Contaminants in Victoria Sewage and Killer Whales: The Missing Link
The gold-plated, blue ribbon SETAC expert panel charged with reviewing the matter of the disposal of raw Victoria sewage into the Strait of Juan de Fuca is scheduled to report to its client, the Capital Regional District ( CRD ) on July 12. For $600,000 it had better be good. For that amount, the CRD could have commissioned a first class feasibility study for a tertiary sewage treatment facility. Instead, what we anticipate is yet another study friendly to the position of the CRD technocrats and a fistful of local oceanographers who have been co-opted, which is basically that the century-old practice of dumping liquid waste into the ocean off the southern tip of Vancouver Island is perfectly safe from an environmental perspective, and that there is therefore no need to get rid of the two outfall pipes in the region, one at Macaulay Point and the other at Clover Point. Defenders of the dumping practice argue that the cold waters of Victoria Bight, plus the strong currents, provide a natural, beneficial flushing function which rapidly rids the area of any and all sewage.
Having said that, the panel will have to deal with one of the issues raised in a submission by the current author. The study in question, entitled "Is Victoria Sewage Contaminating Southern Resident Killer Whales?" was commissioned by the T Buck Suzuki Environmental Foundation, and can be downloaded off of the Victoria Sewage Alliance web site. ( Just click on the "Dr. Gerald Graham's Submission" link on line five of substantive text. ) The submission examines the possible link between contaminants in Victoria sewage and contaminants in southern resident killer whales. What it finds is that although there is no smoking gun pointing to Victoria sewage as the cause for the decline in local orca populations, there are indicators which suggest that raw Victoria sewage is contributing to the orcas' plight.
The link between contaminants in Victoria sewage and contaminants in resident killer whales is basically as follows:
1) A number of the contaminants in Victoria sewage, such as PCBs and mercury, are also present in the southern residents;
2) A pathway exists to transport contaminants that come out of the Clover Point outfall pipe to nearby Haro Strait, which is core habitat for southern residents.
Scientists have in fact postulated that bottom currents around that outfall pipe tend, at least half of the time, to end up in Haro Strait, a core habitat area for two of the local orca pods some of the time, and one pod year-round. Raw Victoria sewage could also be contaminating chinook salmon, the principal diet of the southern residents.
More research needs to be done for a direct link to be established between the sewage contaminants and the contaminants in the southern resident killer whales. For instance, effluent tracer studies could be undertaken. In the meantime, and especially since we are dealing here with a species which has been officially designated as endangered on both sides of the forty-ninth paradox, the pre-cautionary principle should prevail. That principle, it will be recalled, basically states that absence of scientific certainty should not be used as an excuse for avoiding action which might could solve a pressing environmental problem. In other words, one could study the matter of declining orca numbers to death, but in the meantime the target species could go the way of the dodo bird and the great auk. Better to act now, while we have a chance to save these magnificent creatures, rather than dither and risk their disappearance. For, as the Sierra Club bumper sticker used to remind us, "Extinction is Forever!".

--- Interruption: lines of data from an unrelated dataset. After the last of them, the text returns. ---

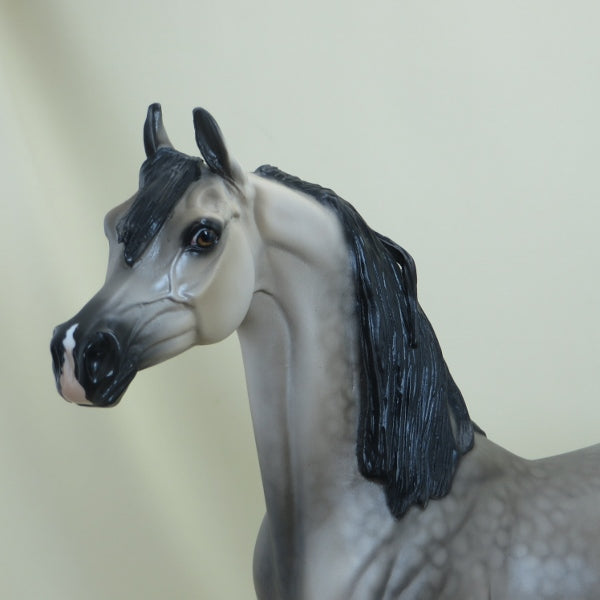 OPTIVA - OOAK Dapple Silver Buckskin Arabian 4/15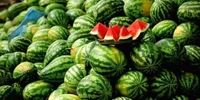 راه تشخیص هندوانه سالم از سمی 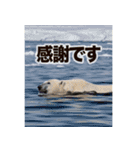 背景が動く▶︎自然が好き-サバンナ・北極-（個別スタンプ：10）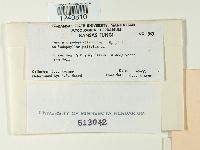 Puccinia podophylli image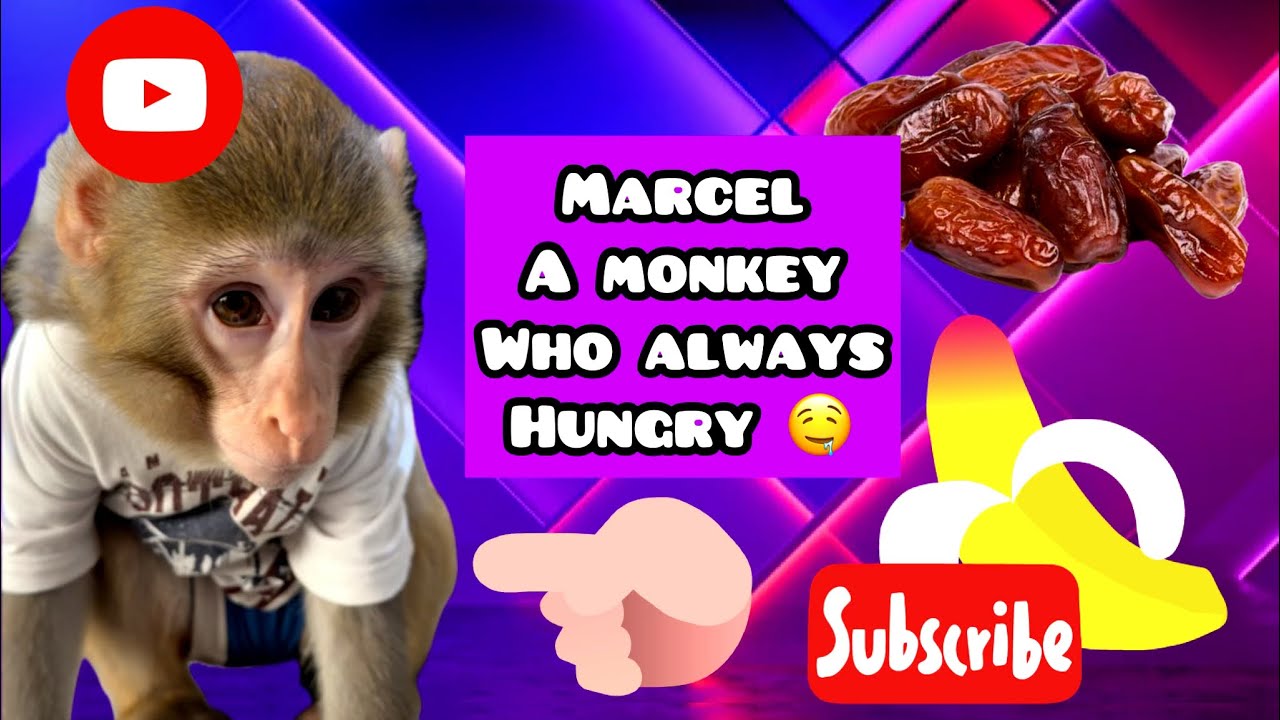 A day with marcel tala funny monkey and so clever he same human kid understand very thing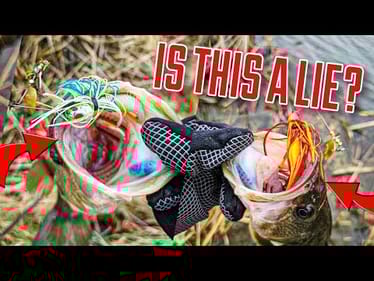 Is Lure Color a LIE? (Red vs White Spinnerbait Challenge!)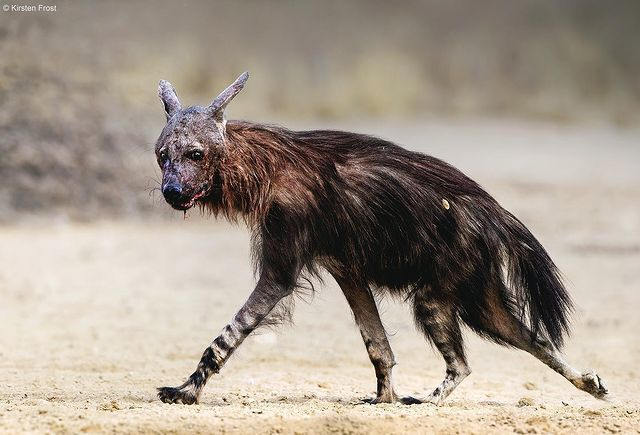 Я бы на вас посмотрела, как бы вы выглядели, если бы одними огрызками питались!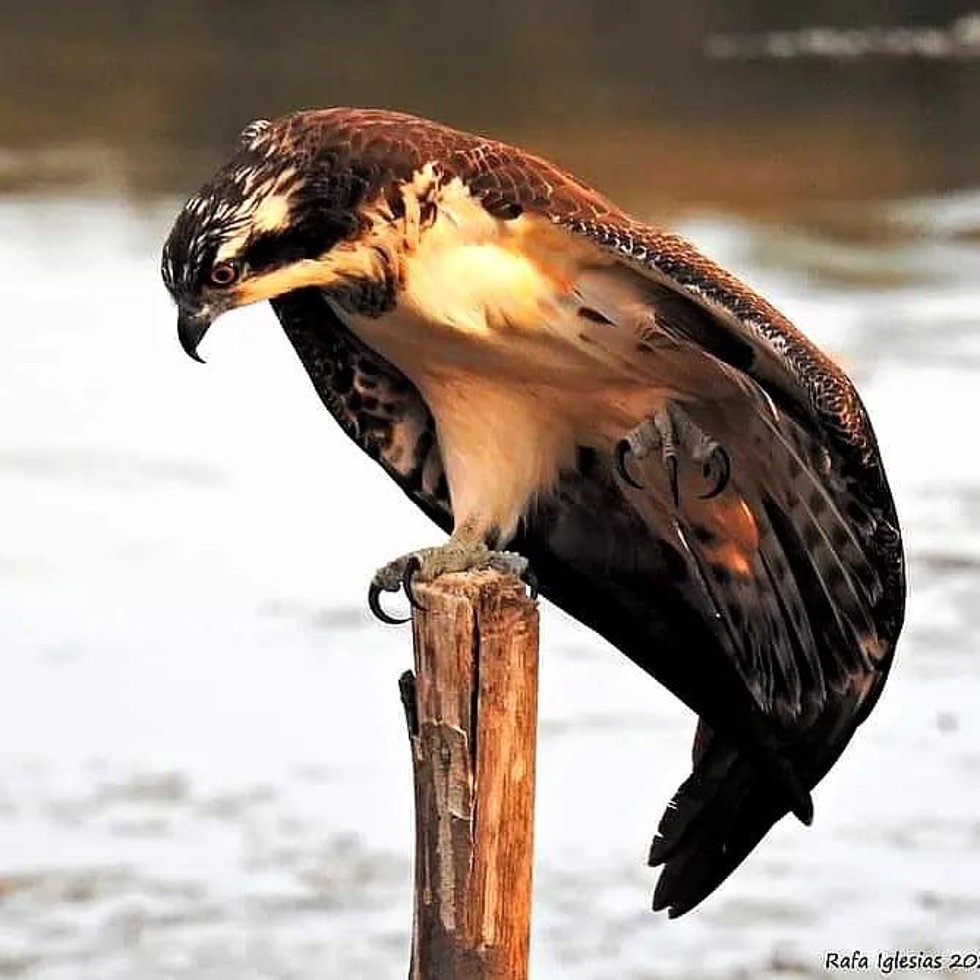 Un ejemplar de águila pescadora en la Laguna Huerta Las Pilas, en el término municipal de Algeciras.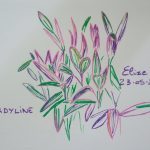 cordyline fleurs tropicales dessin plante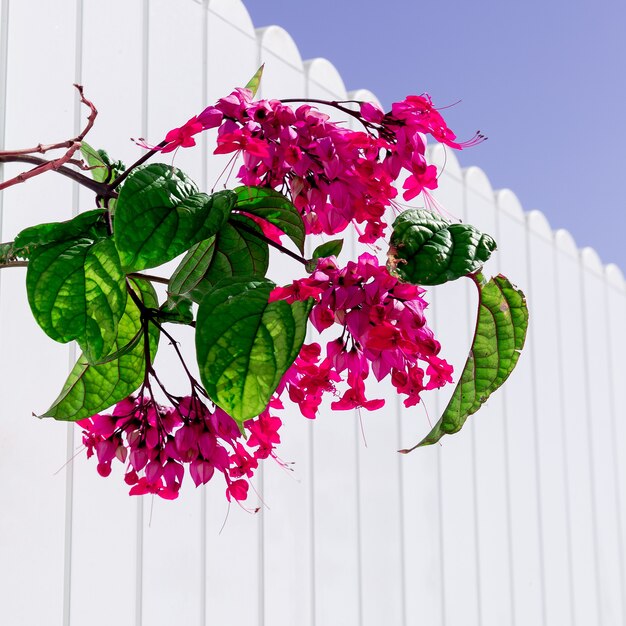 Photo tropical flowers. nature. canary island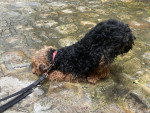 Un Welsh Terrier reniflant le sol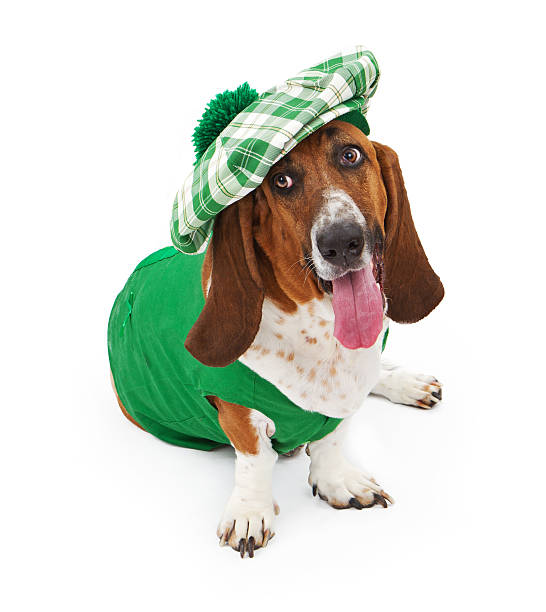 istock Funny Irish Basset Hound Dog 535518375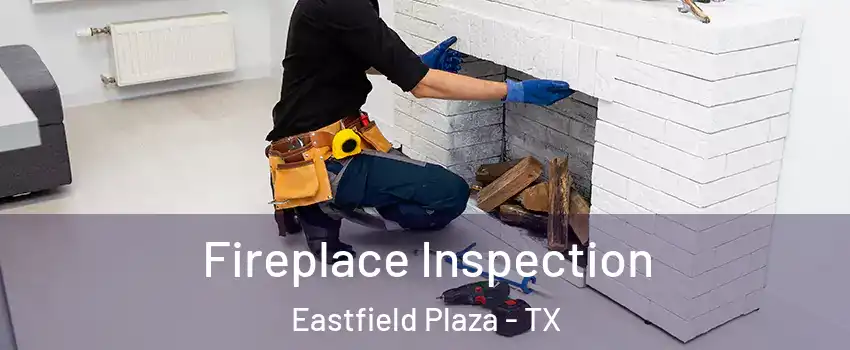 Fireplace Inspection Eastfield Plaza - TX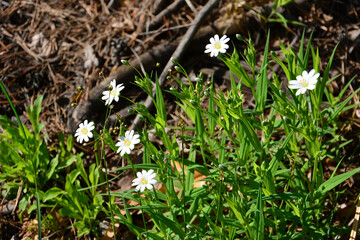 White Wildflowers Blooming on the Forest Floor in sunny day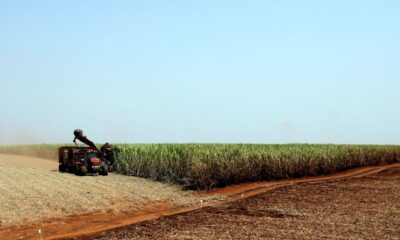 projecao-da-safra-de-graos-2023/24-cai-para-306,4-milhoes-de-toneladas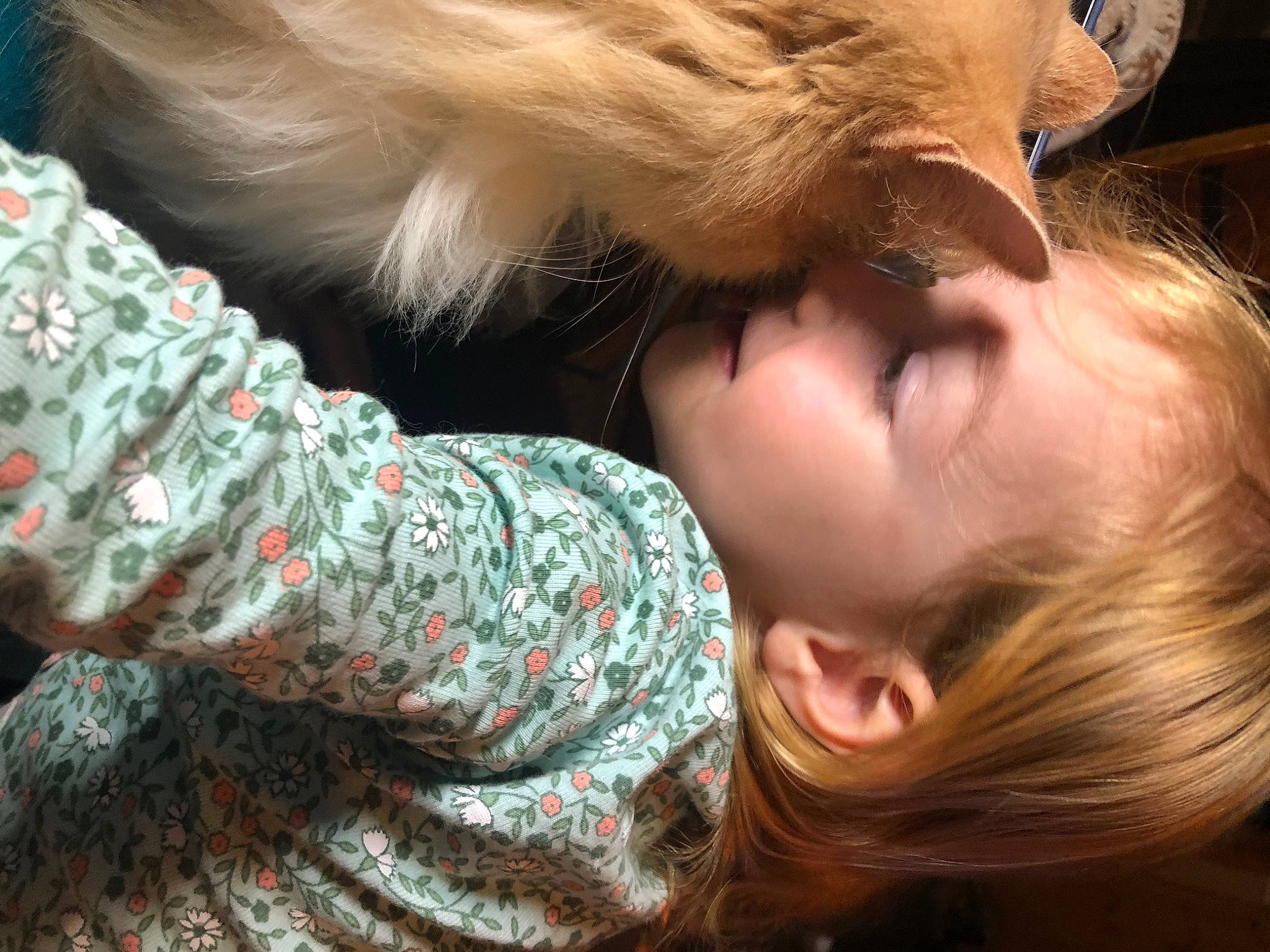 Jake is registered to the contest to win money with this photo: brown_hair, canidae, child, comfort, companion_dog, dog_breed, eyelash, fur, gesture, grass, head, liver, neck, nose, pattern, skin, toddler, tree, whiskers, wood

An immediate commitment to build local sewage treatment facilities and halt raw sewage discharge into the Strait of Juan de Fuca is all the more appropriate given the Mayor of Victoria's support for such a move, and the federal government's renewed financial commitment to such an initiative. In short, there is no need to wait for the boondoggle SETAC report before deciding to act.
2 Comments:
Victoria's two long screened ocean outfalls have not been implicated in any scientific manner with contamination of marine flora or fauna.
Several Victoria-based oceanographers, marine biologists, engineers and public health doctors (sorry, no international relations PhDs among them) have gone on record as finding that our current, marine-based sewage treatment system is not a problem.
It is of little benefit to spend a billion dollars on a land-based sewage treatment system, when more pressing wastewater infrastructure problems exist, including storm drains, combined sewage overflows, and crumbling sewage pipes.
For more information on the unnecessary sewage treatment plant:
aresst.ca
rstv.ca
sites.google.com/site/sewageplantsvictoria/
"Several", but by no means all. There are in fact many marine scientists, including ones at UVic and IOS, who believe in secondary sewage treatment. But their voices have been drowned out by the Neanderthals in our midst, who, like you, are guilty of Groupthink.